Mescolate a voci vere, migliaia di voci false vagano di qua e di là, blaterando confusamente; alcune di esse riempiono di chiacchiere le orecchie sfaccendate, altre diffondono altrove le cose sentite narrare, e la dose delle invenzioni cresce a dismisura e ognuno aggiunge qualcosa di suo. Lì trovi la Credulità, lì l’incauto Errore, e la Gioia immotivata e gli sbigottiti Timori, e la Sedizione improvvisa e i Sussurri d’incerta origine.

Le meravigliose Metamorfosi mostrano già profonda consapevolezza di quanto le mezze verità, le false credenze e i sentito dire siano forieri di pericoli e di danni per la società intera. Di bugie, invenzioni, mistificazioni sono però pieni storia e mondo: come mai hanno questa grande capacità di moltiplicarsi? In che modo siamo portati così pervicacemente a confondere il vero con il falso? Perché finiamo per credere alle nostre stesse bugie?

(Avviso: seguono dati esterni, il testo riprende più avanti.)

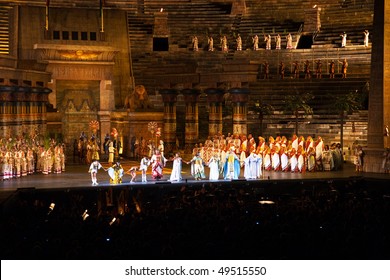 VERONA, ITALY - AUGUST  5: performers, singer on stage with AIDA from Verdi in the arena of Verona August 05, 2009, Verona, Italy.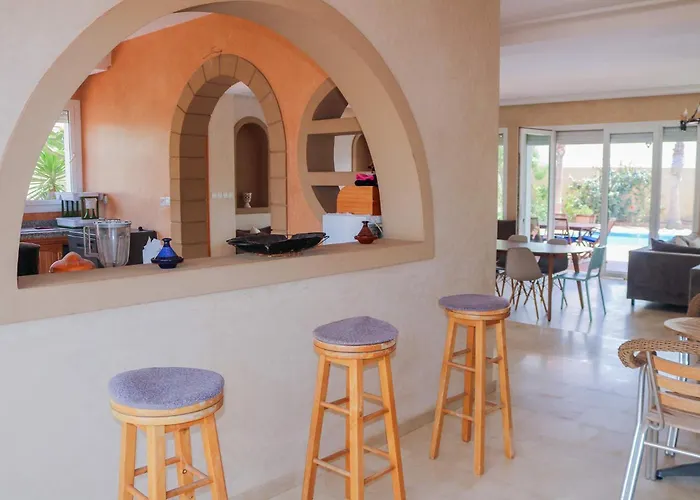 Spacious 3 Bed 2 Bath Villa With Garden And Pool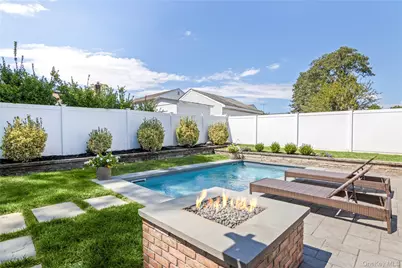 7 Driftwood Drive, Glen Cove, NY 11542 - Photo 39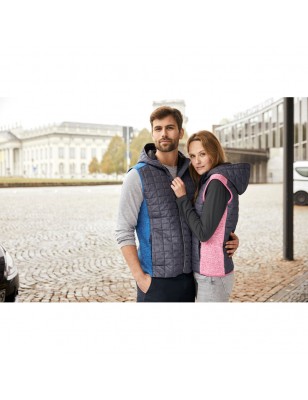 Vest in stylish material mix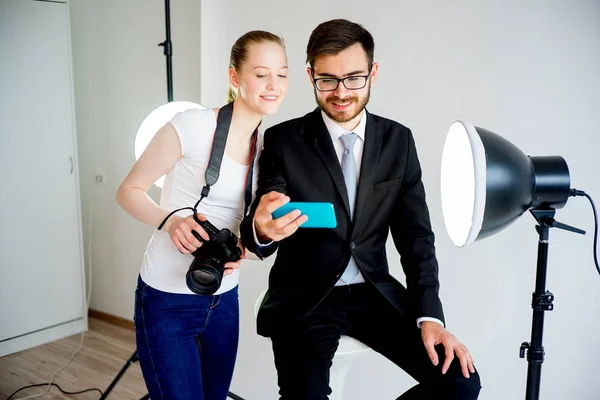 Fotógrafo y modelo tomando selfie — Foto de Stock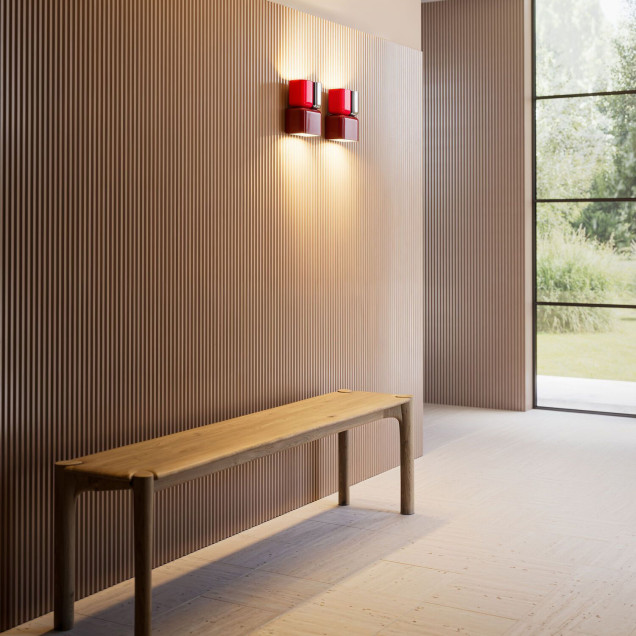 Panou decorativ vertical alb cu linii striate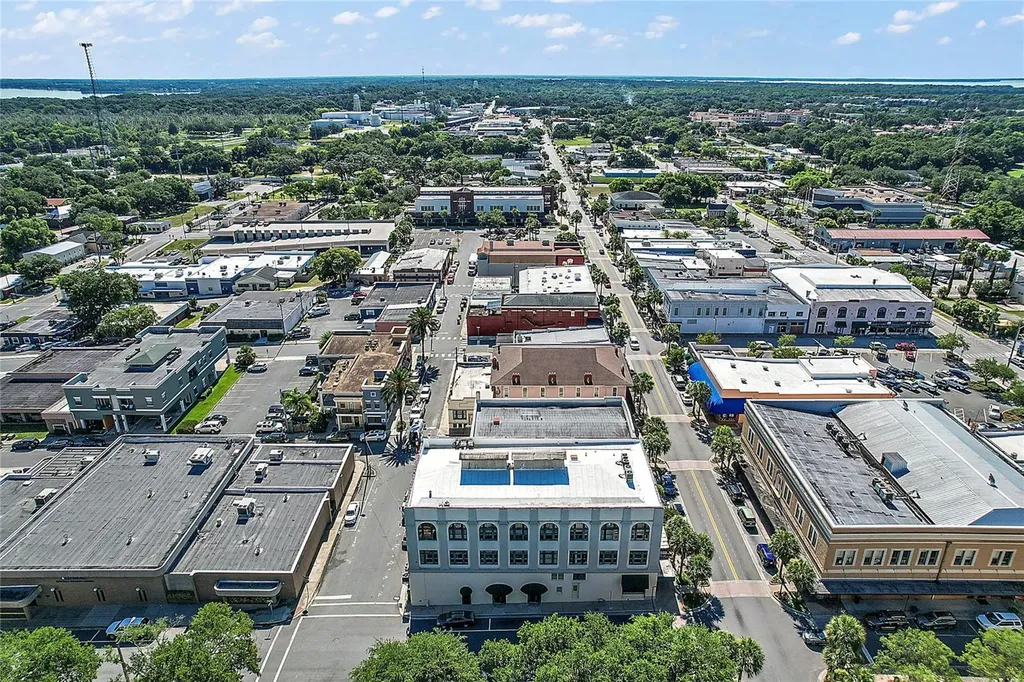 410 W Main Street Leesburg FL 34748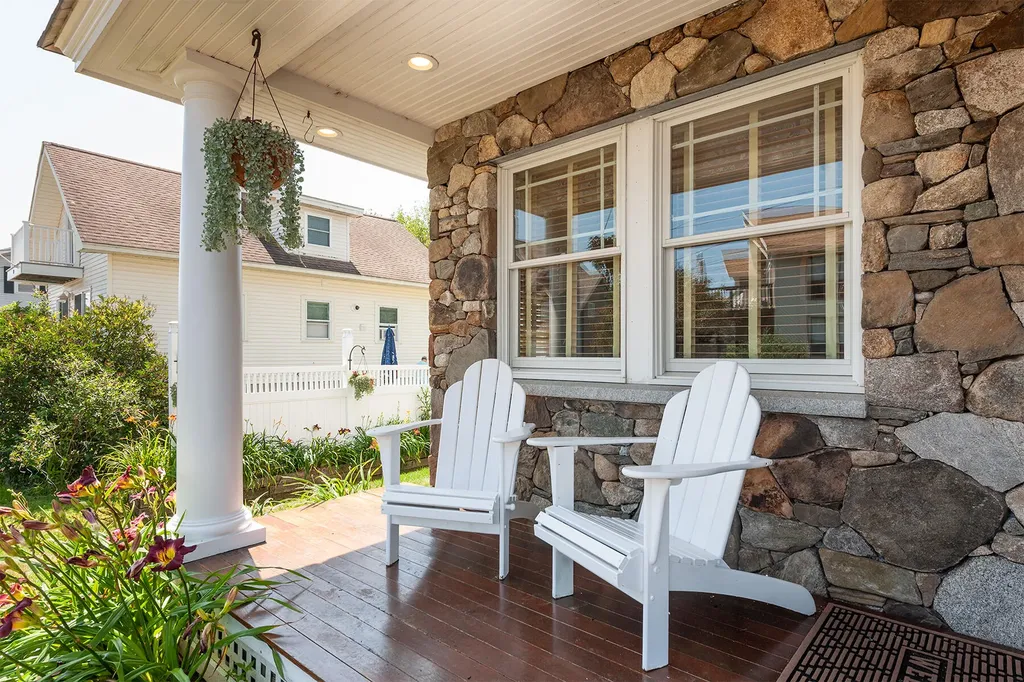 15 Beechwood Avenue York ME 03909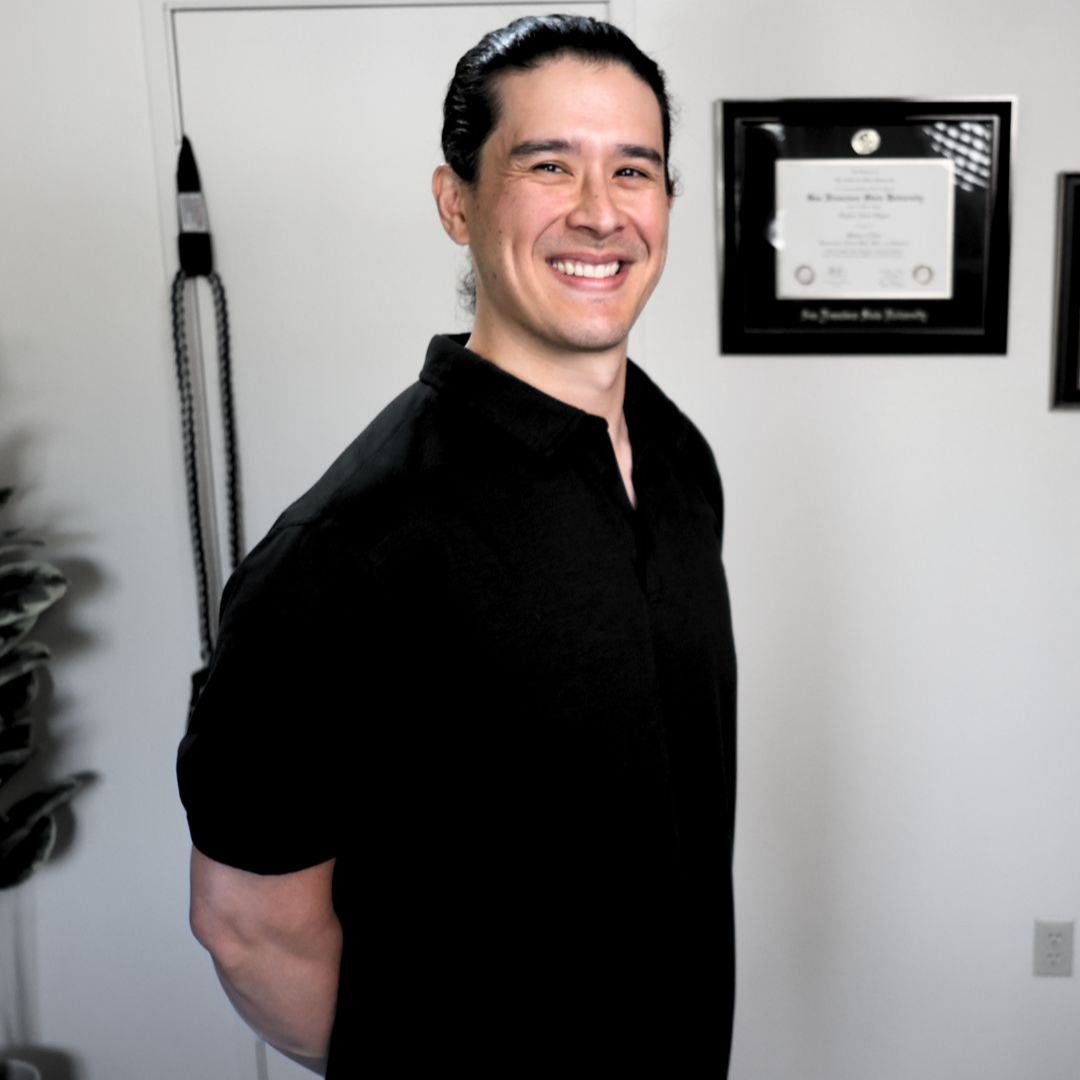 Clayton Taylor (MA, CPT, Pn1), accepting clients online and locally in the SF East Bay Area.
Learn more or download the EZ Guidebook free at www.ThoughtfulMoveFit.com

La verità è diventata un fatto sociale?

Una recente indagine di natura psicologicaFake news (Il Mulino, 2018) – spiega l’enorme diffusione delle “false notizie” nella nostra epoca con la frammentazione sociale e con il proliferare di comunità virtuali che cercano di riempiere questo vuoto. «Negli Stati Uniti una persona su quattro non ha nemmeno un amico “vero” e la metà della popolazione ne ha solo uno», si legge nel documentato testo di Giuseppe Riva. L’autore lega a doppio filo la genesi delle fake news con l’inter-realtà e la solitudine prodotta dalla nuova tecnologia dei social media.

Si tratta però – come ben ricorda il professore ordinario di psicologia – di un fenomeno che è sempre esistito e che ha come sua cifra la totale confusione dei piani del vero e del falso. Dal mondo antico a quello contemporaneo (tanto ossessionato dal complotto giudaico da produrre I protocolli dei Savi di Sion), passando per la Venezia del Cinquecento, nella nostra lunga storia abbiamo scelto scientemente di mettere in circolazione dei falsi che si spacciano per veri. Gli stessi che a volte sono finiti per diventare fonti di successive ricostruzioni storiche (come racconta Il mercato dell’informazione. Notizie vere, false e sensazionali nella Venezia del Cinquecento, Marsilio, 2021).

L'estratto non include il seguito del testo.